February 11, 2013 by Dave Haynes

riegelinoffice

Riegel in his Dayton office, which includes Samurai swords and a photo of Gen. George S. Patton.

There are two companies in this space right now finding their way into the final consideration stage of many or most of the big digital signage jobs: Four Winds (who I wrote about the other day after its Forbes Top 50 listing) and Stratacache.

They are wildly different companies in terms of corporate culture, software design approach and business management, but both are doing really well.

Stratacache, like Four Winds, has main offices immediately outside their home city downtowns – the difference with Stratacache maks its home not near the Rockies but in the Ohio rustbelt. Dayton was for decades a major auto plant town, but is coming back now as a technology center, helped in part by having a huge air force base on its outskirt and no end of smart, available engineers.

The Dayton Daily News has an interesting piece out in its Sunday edition about the company’s growth and its Asia-Pacific ambitions.

Stratacache is rapidly expanding in the Asia-Pacific region of the globe in response to a massive rise in consumerism in the area that includes China, Japan, Korea and India, said Chris Riegel, chief executive of the Dayton-based digital sign and marketing technology company.

The Asia-Pacific region is a “wide open market” with nearly 3.9 billion consumers, at least a third of whom will be joining the middle class in the next 10 to 15 years because of strong economic growth, Riegel said.

Stratacache’s Asia revenues last year eclipsed those of Europe and are growing two to three times faster than any of the company’s other markets. “Asia is new opportunities one after another,” Riegel said.

Headquartered at 2 Riverplace, just north of downtown Dayton, Stratacache provides marketing technologies that include computer-controlled signs and menus for McDonald’s restaurants and sports arenas.
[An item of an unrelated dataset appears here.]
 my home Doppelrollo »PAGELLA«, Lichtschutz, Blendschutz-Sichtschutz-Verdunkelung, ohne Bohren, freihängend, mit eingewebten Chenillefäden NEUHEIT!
The company’s products also include content distribution and video acceleration technologies for retailers and brands.

“There are multiple different ways that we can assist this growing consumerism class in all of Asia as a whole because you now have the build out of western-style retail, western-style brand in those environments,” Riegel said.

Stratacache has about 160 employees, including 55 to 60 in Dayton, Riegel said. He declined to disclose the privately held company’s revenues.

Stratacache in December appointed Stephen Choi as senior vice president of Asia-Pacific, a newly created role to meet the growing demand for the company’s technologies in the region.

In November, Stratacache opened an office in Hong Kong to support the company’s regional growth strategy, and provide sales and support services for its digital media and customer service technologies.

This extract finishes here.